アイは焦り震えるハラット夫人へと、優しい声音で伝える。
「古着屋と聞きまちた。なら、草刈りや石運びなどでも使える頑丈な服はどれくらいでつか? 破れにくいやつでつ」
「は、申し訳、へ? ふ、服ですか? 多少なりとも頑丈なやつなら銀貨5枚程度でございます」
てっきり叱責されるか、もしくは叩かれるかもと思っていたおばさんは戸惑いながらも答えてくる。ふむ、作業服なんかこの世界にはないよね。銀貨5枚か。そこそこだな。
「マーサがお世話になったようでつし、200着貰いまつ。準備できまつか? 半金を前金で支払いまつが」
「200着! そ、それはもう。そ、揃えます。揃えます。でも、良いので?」
突然降ってきた大商いにおばさんは目を白黒させて驚きながらも頷き、そして本当か尋ねてくる。マーサへと嫌がらせをしていた自分へと商いなど良いのかと。
「良いでつ。マーサの生活が厳しい時に助けて貰ったようでつしね。これはお礼でもありまつ。後で家臣をお店へと行かせまつね」
「あ、ありがとうございます! す、すぐにお店へと帰り準備を! マーサさん、良いお方に仕えられて良かったわね。それでは」
なんと心が広い方だとハラット夫人は頭を下げて感動しながら去っていく。足早に遠ざかるおばさんをのんびりとアイは見送る。ちょうど作業服もどきが欲しかったので助かった。
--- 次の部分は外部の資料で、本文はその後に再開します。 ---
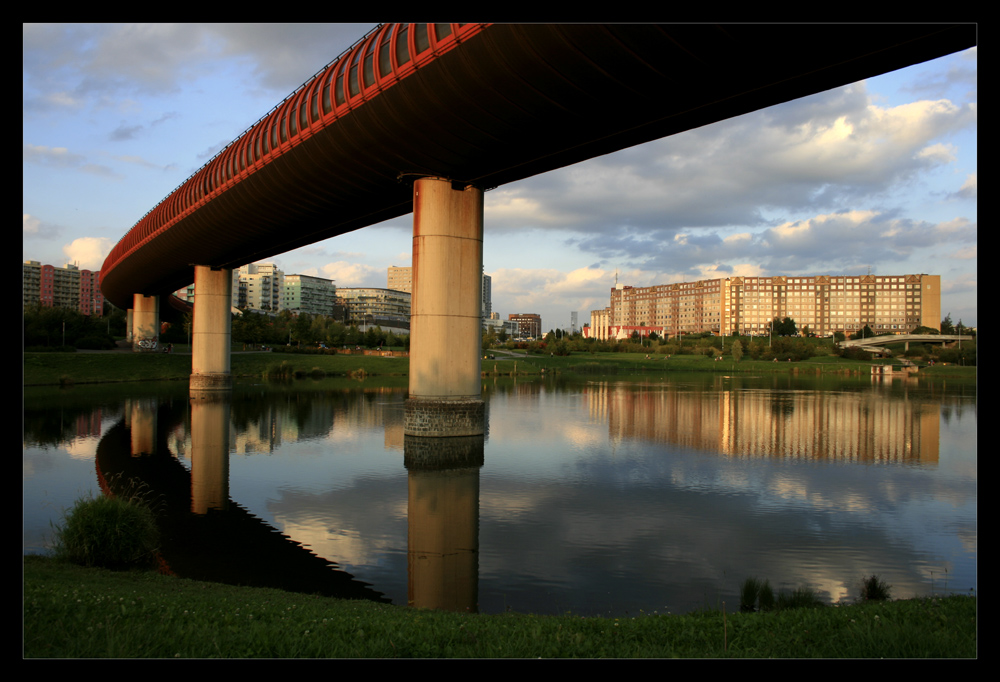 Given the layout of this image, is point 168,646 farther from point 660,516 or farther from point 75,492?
point 75,492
「むぅ、古着屋はたくさんあるのにハラット夫人のところでなくても良かったんじゃないかな?」
多少不満そうに口を尖らせるララ。今まで色々と言われて来たのだろうとは思うから、気持ちはわかるけど。
「あの程度の嫌がらせで、スラム街の人間を雇ったんでつ。マーサの生活が守られたことを考えれば、あのおばさんは優しいと思いまつよ」
若い主人公なら、ああいう時におばさんにざまぁをしようとするかもしれない。マーサ、高級レストランに行こうとか見せつけるかもね。でも、実際にスラム街の人間を雇うのは大変だと思うんだ。雇用の理由がどうあれ。
誰よりも若いであろう幼女は、自分の今の歳を忘れて冷笑を浮かべようとする。もちろん幼女なので、おくちを曲げた不機嫌そうな顔になっちゃったけど。決め顔になれないアイである。
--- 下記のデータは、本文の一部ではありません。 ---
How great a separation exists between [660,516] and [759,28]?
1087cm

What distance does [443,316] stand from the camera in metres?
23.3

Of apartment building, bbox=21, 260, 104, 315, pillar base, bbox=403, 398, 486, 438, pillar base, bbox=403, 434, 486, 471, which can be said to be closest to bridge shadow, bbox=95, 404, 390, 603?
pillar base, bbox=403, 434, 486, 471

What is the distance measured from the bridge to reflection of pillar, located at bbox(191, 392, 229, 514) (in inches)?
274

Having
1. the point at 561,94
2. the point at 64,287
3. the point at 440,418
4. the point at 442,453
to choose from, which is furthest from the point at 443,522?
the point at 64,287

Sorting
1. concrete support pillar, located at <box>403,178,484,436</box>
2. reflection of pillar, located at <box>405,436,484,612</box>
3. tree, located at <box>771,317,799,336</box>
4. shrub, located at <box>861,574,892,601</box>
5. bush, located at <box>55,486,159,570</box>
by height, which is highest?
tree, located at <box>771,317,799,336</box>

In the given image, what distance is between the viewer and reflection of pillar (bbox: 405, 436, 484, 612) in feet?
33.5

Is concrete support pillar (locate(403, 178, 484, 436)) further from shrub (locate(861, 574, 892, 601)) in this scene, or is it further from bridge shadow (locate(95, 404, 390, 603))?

格安で働かせていたのだろうが、それでもマーサはそれで凌げていたのだから、有り難いとしか思えない。おっさんは実利を優先するのだよ。
「それに、ハラット夫人が嫌がらせをマーサにしていたのは少なからず噂になっていたはずだ。新たな主が嫌がらせをしていたのを許し、しかもお礼となる大きな取引。姫の名声が上がることでしょう。そのような寛容な方なら信用できるとも周囲は少なからず考えるはず」
「ギュンター、それは内緒でつ。し〜、でつよ」
幼女は裏を話さないで良いと、ちっこいおゆびを口の前に掲げる。裏は話さなくて良い。買い物もできて、名声を上げられる一石二鳥のイベントだったのだからして。
「さすがは親分ですな! 狡賢い」
「あたしも感心だぜ、やっぱり社長は凄いな」
ガイとマコトの言葉は全然嬉しくない。マーサたちが笑う中で黒幕幼女は腕を組んで、顔をそっぽに向けたのであった。